I ask my son how it went.
I thought I would get monolithic, teenage cave grunts.
Instead; I get a philosophical diatribe that apparently has forged a moment in his life.
Ding Dong.
“The door bell rings,” my 15 year old son says growing animated.
He is standing before me in the living room, acting out the complexity that is inside out halloween.
“Some kids are nice,” he blurts out. “Trick or trick,” they say. “Other kids just stand there, like sacks of flower. I don’t know how many kids are coming and I don’t know how much candy we have so I just say take two. The 1st kids take two and they say thanks and walk away. Then some other kids come up, like middle school kids, and they are douches. They don’t say hi or trick or treat. They just stand there. So I hold out the candy bowl and they stick their hands into the bowl like half way down.”
He is into full pantomime now, holding his pretend bowl with one hand.
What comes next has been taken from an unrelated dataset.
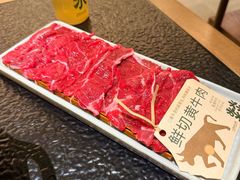 -大龙燚·旷野鲜火锅(广州首店)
“So the kid pushes his hand into the bowl and just grabs a handful of candy, and I say, like NO. And I’m like what are you doing? And they like stare at me like I’m crazy.”
“How old are they?” I ask.
“I don’t know, like middle school kid age.”
He quickly adds, “they were such douche bags!”
I laugh. It’s at this point I see that he has transitioned from outside trick or treating douche bag to inside trick or treat candy dissiminator.
“I just wanted to punch them in the face. A couple of kids knew it. They were middle school school losers. Then they pissed me off because they came back a 2nd time. They all ready had a ton of candy. And they came back a second time.”
“That’s bad business,” I say chirping in. “You don’t come back to a house a 2nd time. You expand your trick or treat map to include more candy rich homes to fill your pillow sack. Kids today are weak,” I say smiling.
“Yeah they’re such douche bags,” he says again, I think because he likes saying the words douche bags.
“They are standing behind a group that is already at the door, but I see them. I’m watching them. And as the kids at the door finish, the douche bags rush the stoop and one of the kids punches his hand into the bowl like he has a claw hand or something. My bowl is half full and now I’m really worried. How many kids are out there, still coming, what am I going to say when I’m out of candy. I look at them. Their costumes are bad.”
“What are they?”
“The douche bags are a football player a skeleton, maybe a turtle, I don’t know what he was. Then one of the kids blurts out, He has NFL candy? I’m like huh?”
“What was that about?”
“I guess that Snickers and the NFL have some sort of promotion. There are NFL teams on certain Snickers bars and I guess you bought those. And one of the kids says OMG I need that one. Suddenly we are like the candy house. “
“Did you tell them to get out.”
“No, but they stuck their hand in the bowl again. So I jerked it back.”
I laugh, realizing that he is fully engaged in the nuances and psychology of inside out trick or treating now.
“I said no. only two this time.”
So I jerked back the bowl, kind of hiding it inside the house, so they would have to invade my space to actually take candy. I was boiling inside I wanted to punch them all. But I felt happiness because I was holding the bowl inside the house.”
“Nice. you learned early to use the portal of the door as a candy buffer. smart. That usually takes years to develop.”
He smiles.
“Yeah it works great, it’s like on a timer. I let them have a few seconds to get the candy, then I start mvoing the bowl back to the door as if to say, times up. So then I see another group coming and I say OK, next group is here. And one kid turns around and in this high pitched voice he screams out loud; ” I don’t see anyone. I’m like in my head, what a douche bag. I turn to Hudson and say I want to kill them.”
Hudson is his friend, reportedly wants to kill them too.
His final assessment. “Kids are stupid. every kid was mean.”
Really?
And then he said, “well there was this 11 month old adorable tinker bell her 1st halloween and her daddy held her and she sat there said nothing but was cute.
And there it was promise for more halloweens to come.